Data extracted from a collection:
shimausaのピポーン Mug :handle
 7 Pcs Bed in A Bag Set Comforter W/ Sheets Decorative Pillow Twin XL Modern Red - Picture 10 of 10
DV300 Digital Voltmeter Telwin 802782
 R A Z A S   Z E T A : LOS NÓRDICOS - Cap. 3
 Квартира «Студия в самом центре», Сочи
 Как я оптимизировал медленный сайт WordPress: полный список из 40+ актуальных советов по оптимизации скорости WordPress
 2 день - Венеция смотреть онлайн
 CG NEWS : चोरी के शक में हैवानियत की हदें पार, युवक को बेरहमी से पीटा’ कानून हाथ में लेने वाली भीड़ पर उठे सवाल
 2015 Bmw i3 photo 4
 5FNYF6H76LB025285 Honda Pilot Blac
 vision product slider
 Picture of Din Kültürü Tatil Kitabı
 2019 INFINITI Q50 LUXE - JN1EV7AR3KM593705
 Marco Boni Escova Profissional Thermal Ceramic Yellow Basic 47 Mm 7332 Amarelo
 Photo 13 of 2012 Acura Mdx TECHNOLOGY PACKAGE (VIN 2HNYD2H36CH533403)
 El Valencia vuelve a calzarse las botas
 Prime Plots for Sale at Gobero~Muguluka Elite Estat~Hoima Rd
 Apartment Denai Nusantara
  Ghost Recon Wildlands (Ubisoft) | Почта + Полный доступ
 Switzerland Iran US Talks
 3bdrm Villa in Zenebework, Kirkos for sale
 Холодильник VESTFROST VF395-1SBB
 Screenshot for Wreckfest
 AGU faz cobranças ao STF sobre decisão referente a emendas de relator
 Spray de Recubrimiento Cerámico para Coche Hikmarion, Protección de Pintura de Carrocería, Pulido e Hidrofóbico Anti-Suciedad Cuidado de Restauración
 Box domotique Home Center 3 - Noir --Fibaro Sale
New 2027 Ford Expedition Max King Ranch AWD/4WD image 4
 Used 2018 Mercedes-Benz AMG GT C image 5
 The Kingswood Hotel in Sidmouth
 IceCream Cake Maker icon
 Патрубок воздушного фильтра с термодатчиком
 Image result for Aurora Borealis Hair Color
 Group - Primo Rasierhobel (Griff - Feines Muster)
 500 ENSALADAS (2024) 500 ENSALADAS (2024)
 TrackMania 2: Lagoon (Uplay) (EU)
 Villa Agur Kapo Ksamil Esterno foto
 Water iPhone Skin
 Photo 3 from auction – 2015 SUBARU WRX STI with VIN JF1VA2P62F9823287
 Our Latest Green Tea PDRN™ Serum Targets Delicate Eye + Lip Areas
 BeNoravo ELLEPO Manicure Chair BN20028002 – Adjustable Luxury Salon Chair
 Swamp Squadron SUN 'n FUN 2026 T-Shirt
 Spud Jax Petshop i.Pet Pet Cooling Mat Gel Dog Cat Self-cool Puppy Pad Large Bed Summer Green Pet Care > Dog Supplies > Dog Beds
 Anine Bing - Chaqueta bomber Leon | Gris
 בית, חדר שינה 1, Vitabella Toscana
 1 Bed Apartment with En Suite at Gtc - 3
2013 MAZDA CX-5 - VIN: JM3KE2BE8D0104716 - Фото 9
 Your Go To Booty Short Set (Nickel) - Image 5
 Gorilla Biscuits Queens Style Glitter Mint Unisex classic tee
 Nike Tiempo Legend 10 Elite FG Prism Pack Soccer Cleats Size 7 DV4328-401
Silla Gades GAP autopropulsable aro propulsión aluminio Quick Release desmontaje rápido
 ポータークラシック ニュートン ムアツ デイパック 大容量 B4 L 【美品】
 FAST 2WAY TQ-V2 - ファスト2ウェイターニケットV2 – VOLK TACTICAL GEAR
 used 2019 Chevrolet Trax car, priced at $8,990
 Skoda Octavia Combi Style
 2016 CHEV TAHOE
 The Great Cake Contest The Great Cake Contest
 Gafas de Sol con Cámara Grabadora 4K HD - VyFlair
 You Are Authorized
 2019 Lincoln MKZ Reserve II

- Your assignment
What is needed is an exact retyping of every line from the one containing "Apartment Denai Nusantara" through the final line of the entries, and only those lines.

- Answer space
 Apartment Denai Nusantara
  Ghost Recon Wildlands (Ubisoft) | Почта + Полный доступ
 Switzerland Iran US Talks
 3bdrm Villa in Zenebework, Kirkos for sale
 Холодильник VESTFROST VF395-1SBB
 Screenshot for Wreckfest
 AGU faz cobranças ao STF sobre decisão referente a emendas de relator
 Spray de Recubrimiento Cerámico para Coche Hikmarion, Protección de Pintura de Carrocería, Pulido e Hidrofóbico Anti-Suciedad Cuidado de Restauración
 Box domotique Home Center 3 - Noir --Fibaro Sale
New 2027 Ford Expedition Max King Ranch AWD/4WD image 4
 Used 2018 Mercedes-Benz AMG GT C image 5
 The Kingswood Hotel in Sidmouth
 IceCream Cake Maker icon
 Патрубок воздушного фильтра с термодатчиком
 Image result for Aurora Borealis Hair Color
 Group - Primo Rasierhobel (Griff - Feines Muster)
 500 ENSALADAS (2024) 500 ENSALADAS (2024)
 TrackMania 2: Lagoon (Uplay) (EU)
 Villa Agur Kapo Ksamil Esterno foto
 Water iPhone Skin
 Photo 3 from auction – 2015 SUBARU WRX STI with VIN JF1VA2P62F9823287
 Our Latest Green Tea PDRN™ Serum Targets Delicate Eye + Lip Areas
 BeNoravo ELLEPO Manicure Chair BN20028002 – Adjustable Luxury Salon Chair
 Swamp Squadron SUN 'n FUN 2026 T-Shirt
 Spud Jax Petshop i.Pet Pet Cooling Mat Gel Dog Cat Self-cool Puppy Pad Large Bed Summer Green Pet Care > Dog Supplies > Dog Beds
 Anine Bing - Chaqueta bomber Leon | Gris
 בית, חדר שינה 1, Vitabella Toscana
 1 Bed Apartment with En Suite at Gtc - 3
2013 MAZDA CX-5 - VIN: JM3KE2BE8D0104716 - Фото 9
 Your Go To Booty Short Set (Nickel) - Image 5
 Gorilla Biscuits Queens Style Glitter Mint Unisex classic tee
 Nike Tiempo Legend 10 Elite FG Prism Pack Soccer Cleats Size 7 DV4328-401
Silla Gades GAP autopropulsable aro propulsión aluminio Quick Release desmontaje rápido
 ポータークラシック ニュートン ムアツ デイパック 大容量 B4 L 【美品】
 FAST 2WAY TQ-V2 - ファスト2ウェイターニケットV2 – VOLK TACTICAL GEAR
 used 2019 Chevrolet Trax car, priced at $8,990
 Skoda Octavia Combi Style
 2016 CHEV TAHOE
 The Great Cake Contest The Great Cake Contest
 Gafas de Sol con Cámara Grabadora 4K HD - VyFlair
 You Are Authorized
 2019 Lincoln MKZ Reserve II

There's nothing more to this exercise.